The county has been working to update its housing policy, a draft of which includes changing the definitions of affordable housing and workforce housing.
Forest Lakes residents have pushed back on prior development around them and additional road connections to the area, including a connection from Brookhill to Ashwood Boulevard, which ultimately was approved.
And in the last two years, other residents of mostly single-family developments have come out against nearby denser development, particularly in the county’s urban ring that surrounds Charlottesville.
A Virginia Beach developer ended up deferring a proposal, called Parkway Place, for up to 328 apartments on a 27-acre site at the intersection of the John W. Warner Parkway and Rio Road after the Board of Supervisors was close to a tie vote, which would have killed the proposal.
The developer made revisions after feedback from Dunlora residents, and the Planning Commission supported it, but supervisors cited traffic concerns with the proposal. Later, Supervisor Donna Price said she regretted that she was going to vote against it.
That property sold in January to Rio Point LLC for $7.5 million, according to county records.

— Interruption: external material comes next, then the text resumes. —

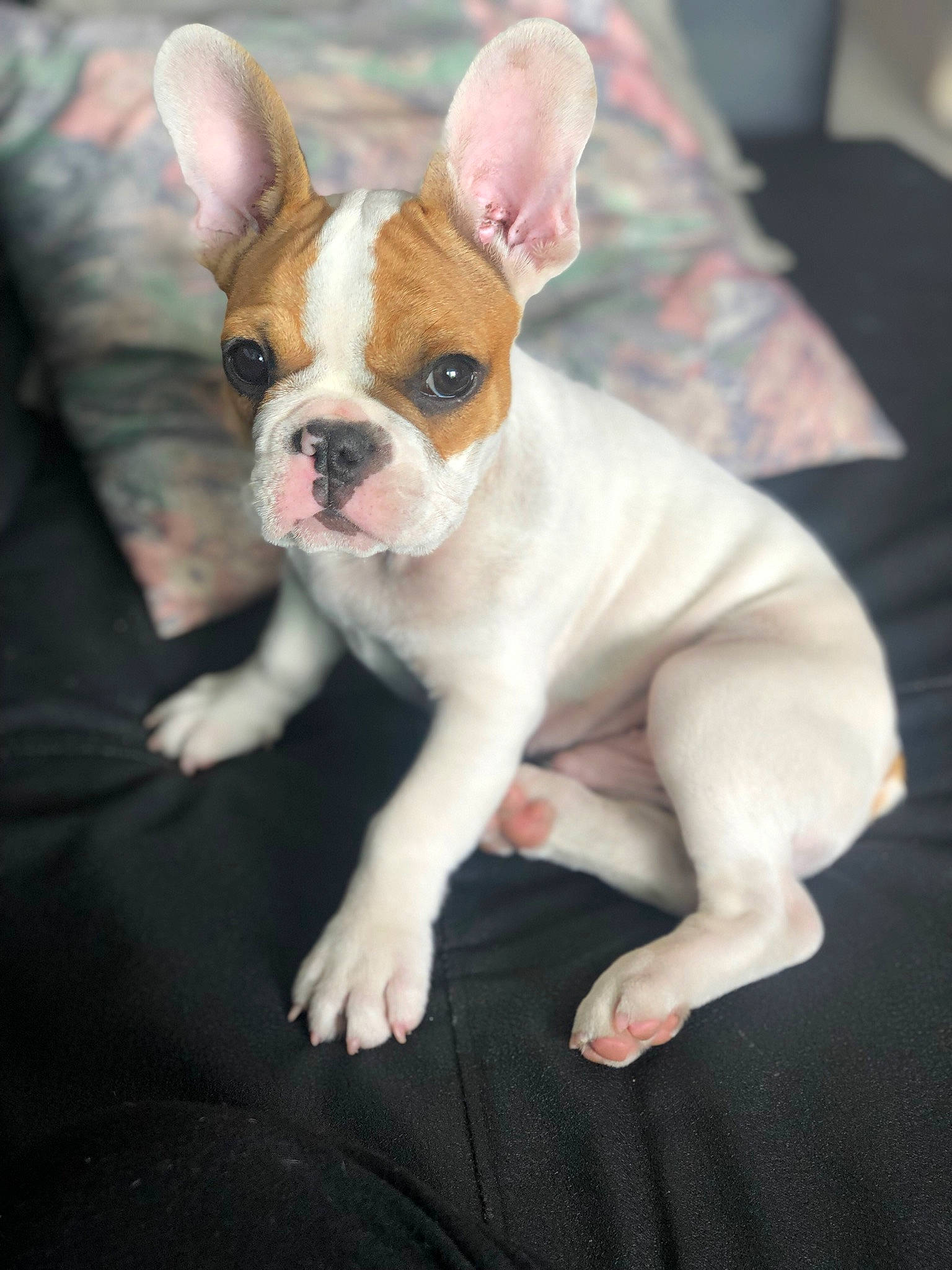 Jimmy participe au concours pour gagner de l'argent avec cette photo : boston_terrier, bulldog, canidae, carnivore, comfort, companion_dog, dog, dog_breed, ear, fawn, french_bulldog, fur, pillow, puppy, sporting_group, tail, terrestrial_animal, toy_dog, whiskers, working_animal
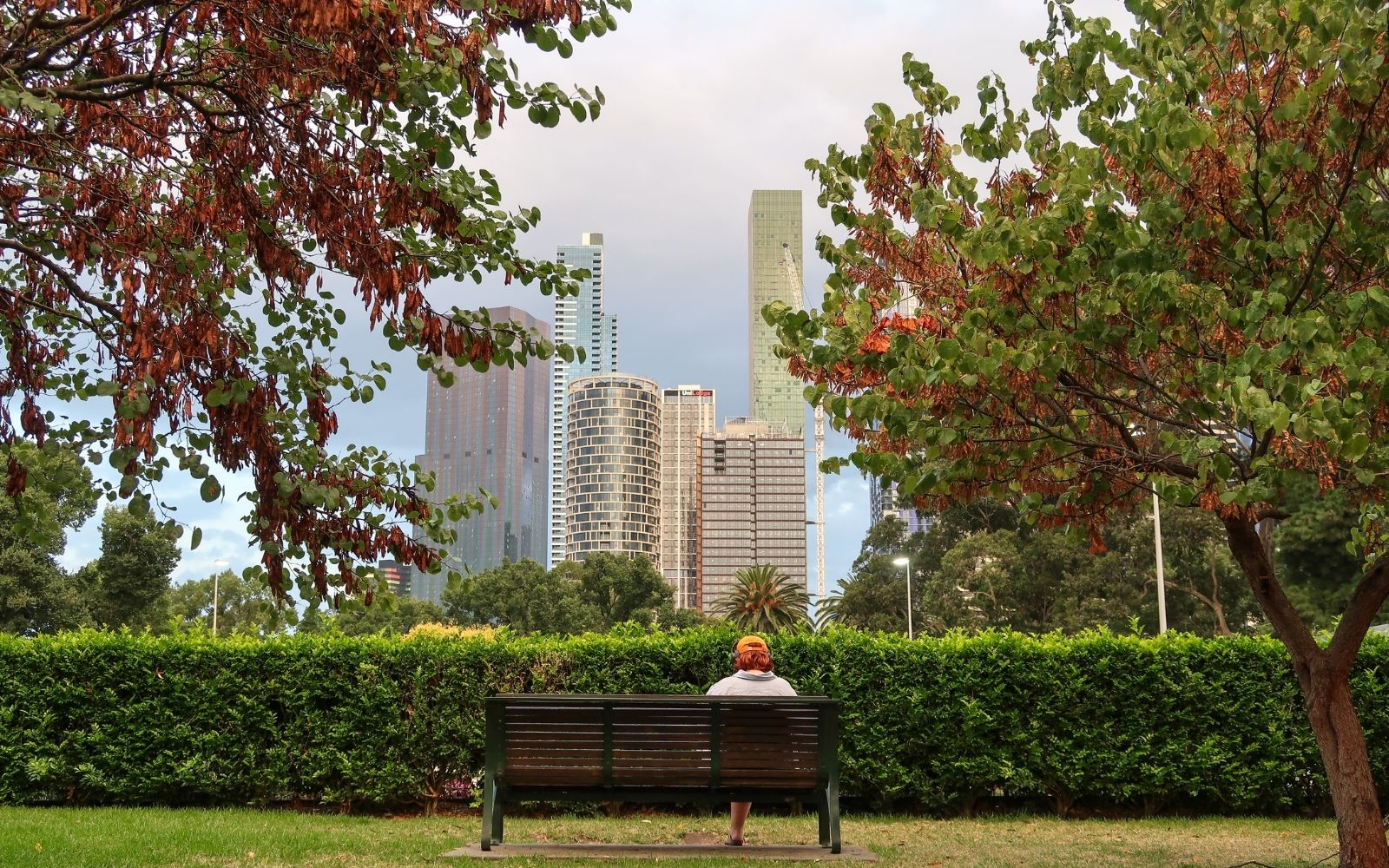 A person sitting on a park bench framed by autumn-tinged trees, looking out toward the Melbourne CBD skyline including the Eureka Tower and Southbank high-rises.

South of the city, along Old Lynchburg Road, Habitat for Humanity of Greater Charlottesville is redeveloping the Southwood Mobile Home Park into a 700- to 800-unit mixed-income, mixed-use development. Planning for the project has been led by residents, and the goal is to not displace any of the current residents.
At the time of the Southwood project’s first rezoning, residents in nearby Mosby Mountain and their community association spoke out and wrote emails to planning commissioners asking them to reject or reconsider the proposal, citing plans to sell some of the parcels to for-profit developers, proposed four-story buildings and traffic concerns.
Ultimately, the rezoning was approved. The first phase of the redevelopment is under way, and other rezonings for more of the property will be needed in the future.
Bivins said new projects have a “different expectation” for them to blend in with neighboring properties.
“I think now we’re at this point, particularly if the county holds to the 95/5% mantra that our county leaders have held to, that’s going to mean everything that comes in is really going to have to think about what their edges look like … because I can tell you from what I’ve experienced, Albemarle County doesn’t seem to do getting comfortable with things that are disparate.”
With “fewer and fewer open pieces of land” in the development area, Bivins pointed to a place that the county already wants to target for redevelopment, and where some have said new development should occur before empty land is developed — the area around Rio Road and U.S. 29.
“That’s the one place where I think we might be able to shape or rethink how our design focus and how our community focus will go forward, because right now, it’s still very much what I would call single-family detached homes, and you might have a few side-by-side townhouses here, but we seem to struggle with any height,” he said.
The Board of Supervisors approved a small area plan around the 29-Rio intersection in 2018 and the county is nearing completion of an optional form-based code for the area.
Bivins said that he, as a community member and not in his capacity as a planning commissioner, thinks that the county will need to partner in that development.
“I think the county needs to come in there and say, ‘We’re going to be a partner, and put something big to us there,’” he said. “I don’t know what that is — the supervisors have a better idea about that.”
At its March 17 meeting, the Board of Supervisors is scheduled to hold public hearings on the form-based code and amendments to the housing policy section of the county’s Comprehensive Plan.